He began writing poetry after he moved to Canberra in 1972, where he joined the Australian Public Service. His first book of poems, The Greek Connection, won him the British Commonwealth Poetry Prize for 1978 for the best first book of poetry in English published the previous year in the British Commonwealth excluding England; he was the first Australian to win this prize.

He produced 16 books of poetry. His fourth book of poetry, Australian Things, was awarded joint second prize in the 1988 bicentennial poetry awards for book-length collections. This book was inspired by a remark, in a conversation with his mentor, by Judith Wright, who had written to him in November 1979, inviting him to lunch at her bush-cottage retreat near Braidwood, in southern New South Wales. Aslanides regarded the subsequent and enduring friendship with Judith Wright as both an apprenticeship as well as a rewarding artistic relationship for both poets.

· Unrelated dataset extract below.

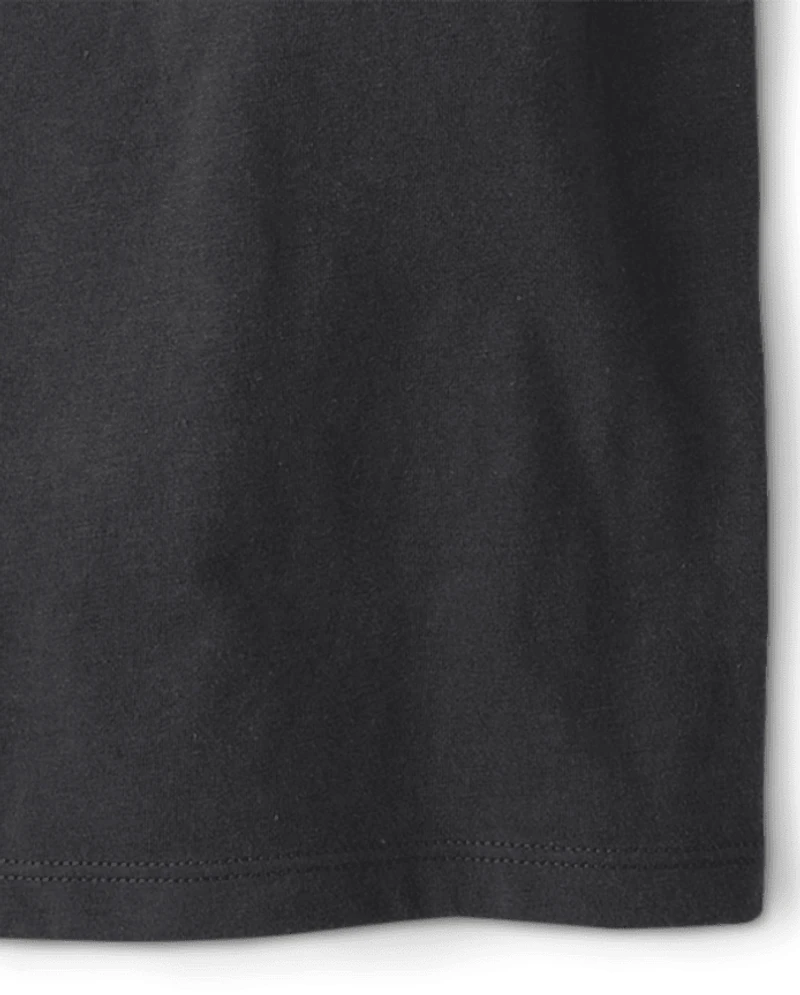 Boys Peace Sign Graphic Tee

Because he was Australian-born and Australian-focussed and, since July 1985, a full-time professional Australian poet, he did not identify as an "ethnic" poet; nor did he write "multicultural" poetry. Though he felt that most, if not all of his poetry has its origin in love, the context of this affection is the celebration of the natural and built environments of Australia, and the history and imaginative genius of the people.

Timoshenko Aslanides worked as a full-time, professional poet from July 1985, when he resigned from the Public Service.

==Awards==
- British Commonwealth Poetry Prize, 1978.
- Australian Bicentennial Literary Awards, (joint second prize), 1988
- The Canberra Times Artist of the Year, 2002.

==Publications==
- The Greek Connection, The author, Canberra 1977. 52pp.
- Passacaglia and Fugue, The author, Canberra 1979 and 1980 (two editions). 50pp
- Goulburn and Environs: A comprehensive guide with Jenny Stewart, Canberra, Olive Press, 1983. 152pp.
- One Hundred Riddles, Angus and Robertson, 1984. 72pp.
- Canberra and the Australian Capital Territory, with Jenny Stewart, Kenthurst, N.S.W., Kangaroo Press, 1988
- Australian Things, Ringwood, Victoria, Penguin, 1990. 72pp.
- Australian Alphabet, Springwood, N.S.W.: Butterfly Books, 1992. 78pp.
- AnniVersaries: 366 Linked Poems, one for every day of the Australian year, Rose Bay, N.S.W., Brandl & Schlesinger, 1998. 454pp.
- A Calendar of Flowers: Selected Poems 1975-2000, Wollongong, N.S.W.: Five Islands Press, 2001. 114pp.
- Occasions for words: poems for birth, marriage, death and much between, Adelaide, SA: Wakefield Press 2006. 196pp.
- Ruminations: Two Books of Lyric Mysticism, Port Adelaide, S. Aust.: Ginninderra Press, 2008. 72pp.
- Collected Sonnets, 1974-2004, Port Adelaide, S. Aust.: Ginninderra Press, 2010. 86pp.
- Stop Words, Ormond, Vic.: Hybrid Publishers, 2011. 87pp.
- Versatility or, a justification for poetry, Ormond, Vic.: Hybrid Publishers, 2013. 30pp. Includes CD of first performance.
- Temperament: twenty-four love poems, one in each key, Ormond, Vic.: Hybrid Publishers, 2013. 38pp.
- Letterature: Verse letters from Australian women, Ormond, Vic.: Hybrid Publishers, 2014. 80pp.
- Troubadour: poetry and original music for violin, Ormond, Vic.: Hybrid Publishers, 2016. 77pp.